Wednesday, April 29, 2009

Death Penalty

I'll admit, and I know this will get me into trouble: I am having the hardest time with waterboarding. I know the answer I want is the one aligned with the people I most respect, the sensitive peacemakers and humanitarians that can see it is so morally wrong. But I admit, I am plagued by ignorance, I have a fear and isolation from the world of the military and penal justice and because of that all my judgments are shallow and incomplete. I am haunted by the fact that I don't naturally see waterboarding as a moral wrong. I ask myself, what if it worked? What if it gave information we could use to protect our society, and I realize that then the moral weight I might balance with a different view, although the hardliners I respect, the Ghandi's, the Churchill's, the people I strongly value can see through this false gold and realize it would still be wrong.

For me, it is a punishment, however terrible that people have inflicted upon themselves, and though they would never ask to have it happen again and afterwards strongly sympathize with the captured parties and recognize it as the most intense form of torture, it still seems to me that in such a response it has performed its exact designed function --To elicit a non-deforming punishment so horrid it would induce captives to look for any alternative to its repetition. In real life we are fortunate to know that the alternative is often simply lying, and because it doesnt work, again, it is easy for me to denounce the activity. However, it is hard to believe that I in such a situation would continue to lie and so it is hard for me to believe it will always be revealed as unsuccessful. So long as the facts say it is no more useful than other kinder forms of information gathering, I am content, but I fear my moral certitude if evidence were to emerge that it did in fact work. Also because it is such a unique form of torture (how many people would saw off their leg as an experiment to see if it might induce them to "crack" compared to how many are willing to undergo waterboarding-at least that first time) it is so hard to relate to and I fear I don't have the creativity to imagine how horrendous it is or that non-deforming torture can be equally bad and even as some have suggested exceedingly worse then the conventional (movie horror flick) forms.

Luckily I feel this is why I am not yet ready to be a policy maker. If I am ever to be one, such immature and under informed sentiments would be unacceptable. What is interesting is my belief that most of my opinions on the potential usefulness of the torture (which i do conceed to be torture- but in a more digestible form) are purely philosophical and stem from me believing I must play a role in the security of my nation. On a personal level, I wonder if I could really follow through. Perhaps I compare it to an obscure parallel to give me doubt, for I am of the weak condition of one of those who has thus far been willing to eat meat but not to kill it.

It has taken all this mental discourse just to get toward the title of this essay/blog/diary which is what seems strangest of all. We deny waterboarding because it creates a sensation of drowing so real that it is mentally equated with the act itself, a horrendous physical experience with loss of all control and who knows what else. Yet, as a nation we still have the death penalty!
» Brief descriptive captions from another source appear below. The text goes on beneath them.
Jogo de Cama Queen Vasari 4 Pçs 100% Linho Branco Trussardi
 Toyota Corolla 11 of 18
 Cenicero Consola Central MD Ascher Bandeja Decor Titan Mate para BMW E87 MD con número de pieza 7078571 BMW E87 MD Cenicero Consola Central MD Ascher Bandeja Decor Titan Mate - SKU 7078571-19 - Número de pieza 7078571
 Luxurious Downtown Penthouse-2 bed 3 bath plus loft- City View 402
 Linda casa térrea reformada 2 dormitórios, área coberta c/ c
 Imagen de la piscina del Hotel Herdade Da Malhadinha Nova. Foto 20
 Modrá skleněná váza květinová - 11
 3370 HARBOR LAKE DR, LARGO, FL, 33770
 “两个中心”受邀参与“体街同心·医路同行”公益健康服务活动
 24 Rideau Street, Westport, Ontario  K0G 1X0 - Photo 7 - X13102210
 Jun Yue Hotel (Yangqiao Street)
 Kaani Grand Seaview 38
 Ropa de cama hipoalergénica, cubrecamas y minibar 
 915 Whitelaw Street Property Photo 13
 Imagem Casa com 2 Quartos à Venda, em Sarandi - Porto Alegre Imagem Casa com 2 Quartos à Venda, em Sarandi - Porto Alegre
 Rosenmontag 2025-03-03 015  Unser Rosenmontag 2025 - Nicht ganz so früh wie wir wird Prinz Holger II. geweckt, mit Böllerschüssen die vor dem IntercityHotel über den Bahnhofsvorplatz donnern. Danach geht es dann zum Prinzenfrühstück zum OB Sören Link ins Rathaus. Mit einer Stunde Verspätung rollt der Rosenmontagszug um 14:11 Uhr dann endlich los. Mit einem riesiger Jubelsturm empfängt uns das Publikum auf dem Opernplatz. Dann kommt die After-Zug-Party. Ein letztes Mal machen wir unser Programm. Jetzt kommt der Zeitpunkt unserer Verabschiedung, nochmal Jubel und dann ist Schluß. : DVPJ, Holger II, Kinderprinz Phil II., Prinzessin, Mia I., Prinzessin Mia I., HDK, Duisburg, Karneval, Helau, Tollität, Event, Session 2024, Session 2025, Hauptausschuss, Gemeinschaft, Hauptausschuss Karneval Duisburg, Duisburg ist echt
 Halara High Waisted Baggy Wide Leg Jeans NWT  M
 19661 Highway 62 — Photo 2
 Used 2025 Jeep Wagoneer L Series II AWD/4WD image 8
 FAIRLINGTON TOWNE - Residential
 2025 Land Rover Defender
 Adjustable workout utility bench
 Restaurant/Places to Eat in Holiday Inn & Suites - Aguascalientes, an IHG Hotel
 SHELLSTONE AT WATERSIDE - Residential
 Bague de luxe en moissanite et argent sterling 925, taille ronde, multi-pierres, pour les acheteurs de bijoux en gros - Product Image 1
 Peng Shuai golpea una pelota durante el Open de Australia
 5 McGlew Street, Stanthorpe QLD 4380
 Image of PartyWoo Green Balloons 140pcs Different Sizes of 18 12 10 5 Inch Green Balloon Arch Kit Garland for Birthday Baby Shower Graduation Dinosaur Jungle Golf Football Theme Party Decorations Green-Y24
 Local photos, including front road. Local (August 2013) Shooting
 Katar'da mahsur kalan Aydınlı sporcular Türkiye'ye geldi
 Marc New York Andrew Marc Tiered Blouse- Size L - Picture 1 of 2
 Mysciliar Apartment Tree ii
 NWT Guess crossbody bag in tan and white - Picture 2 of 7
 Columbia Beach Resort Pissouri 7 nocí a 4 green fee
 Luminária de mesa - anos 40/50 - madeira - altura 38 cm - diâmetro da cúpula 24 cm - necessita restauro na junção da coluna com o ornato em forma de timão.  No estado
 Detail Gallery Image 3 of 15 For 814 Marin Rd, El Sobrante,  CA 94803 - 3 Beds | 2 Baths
What is the cost of giving a person an actual set day for their murder. Whereas waterboarding carries out a close-to-reality event at some time but doesn't actually follow through, the death penalty does. Sure one is the full physical sensation, and the other supposedly painless, but this mental torture to a person as retribution, not even due to a "ticking time bomb" senario where information procurement is seen as necessary for the sustained survival of the innocent seems absolutely ludicrous in light of this whole torture discussion. With the death penalty there is nothing to gain from the murder, no new information to glean and moreover, there is not just a perceived threat of killing, but the actual thing! I know states' rights have been a vestige of our nation since the foundation, but how can we discuss these two issues as if they had a right to be disconnected. My logic and imagination are already strained in contemplating captives, waterboarding and torture, I don't have the creativity left to reconcile our national views on the death penalty as well.